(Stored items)
-=-=-=-=-
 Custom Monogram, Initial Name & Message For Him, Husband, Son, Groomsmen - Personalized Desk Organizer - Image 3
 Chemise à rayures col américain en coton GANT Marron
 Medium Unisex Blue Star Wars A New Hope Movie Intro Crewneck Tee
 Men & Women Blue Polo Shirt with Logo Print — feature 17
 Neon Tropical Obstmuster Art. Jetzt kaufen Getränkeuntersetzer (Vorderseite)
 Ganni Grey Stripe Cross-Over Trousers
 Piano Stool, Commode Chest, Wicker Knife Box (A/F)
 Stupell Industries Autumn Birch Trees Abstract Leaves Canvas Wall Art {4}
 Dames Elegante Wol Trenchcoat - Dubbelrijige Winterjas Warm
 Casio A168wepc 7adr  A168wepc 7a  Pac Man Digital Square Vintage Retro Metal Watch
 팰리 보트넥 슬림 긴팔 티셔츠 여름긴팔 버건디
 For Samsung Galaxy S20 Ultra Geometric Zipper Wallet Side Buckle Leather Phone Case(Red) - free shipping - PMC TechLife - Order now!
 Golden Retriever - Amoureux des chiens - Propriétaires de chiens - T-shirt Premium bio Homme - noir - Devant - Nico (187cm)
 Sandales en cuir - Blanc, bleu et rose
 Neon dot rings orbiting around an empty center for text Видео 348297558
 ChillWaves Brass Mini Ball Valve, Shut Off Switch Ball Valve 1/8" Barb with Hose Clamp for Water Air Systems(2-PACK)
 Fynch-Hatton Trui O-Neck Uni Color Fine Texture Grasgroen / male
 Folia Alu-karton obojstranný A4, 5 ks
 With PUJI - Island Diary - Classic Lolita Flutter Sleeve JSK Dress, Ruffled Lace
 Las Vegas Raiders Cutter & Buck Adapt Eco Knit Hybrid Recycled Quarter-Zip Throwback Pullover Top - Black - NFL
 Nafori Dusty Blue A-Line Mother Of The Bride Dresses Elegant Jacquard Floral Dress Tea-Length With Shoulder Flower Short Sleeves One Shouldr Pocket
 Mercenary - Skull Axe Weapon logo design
-=-=-=-=-
Return exactly the lines from the beginning of the data above through the one containing "Neon dot rings", please. Include both end lines and add nothing else.

» **Output**
 Custom Monogram, Initial Name & Message For Him, Husband, Son, Groomsmen - Personalized Desk Organizer - Image 3
 Chemise à rayures col américain en coton GANT Marron
 Medium Unisex Blue Star Wars A New Hope Movie Intro Crewneck Tee
 Men & Women Blue Polo Shirt with Logo Print — feature 17
 Neon Tropical Obstmuster Art. Jetzt kaufen Getränkeuntersetzer (Vorderseite)
 Ganni Grey Stripe Cross-Over Trousers
 Piano Stool, Commode Chest, Wicker Knife Box (A/F)
 Stupell Industries Autumn Birch Trees Abstract Leaves Canvas Wall Art {4}
 Dames Elegante Wol Trenchcoat - Dubbelrijige Winterjas Warm
 Casio A168wepc 7adr  A168wepc 7a  Pac Man Digital Square Vintage Retro Metal Watch
 팰리 보트넥 슬림 긴팔 티셔츠 여름긴팔 버건디
 For Samsung Galaxy S20 Ultra Geometric Zipper Wallet Side Buckle Leather Phone Case(Red) - free shipping - PMC TechLife - Order now!
 Golden Retriever - Amoureux des chiens - Propriétaires de chiens - T-shirt Premium bio Homme - noir - Devant - Nico (187cm)
 Sandales en cuir - Blanc, bleu et rose
 Neon dot rings orbiting around an empty center for text Видео 348297558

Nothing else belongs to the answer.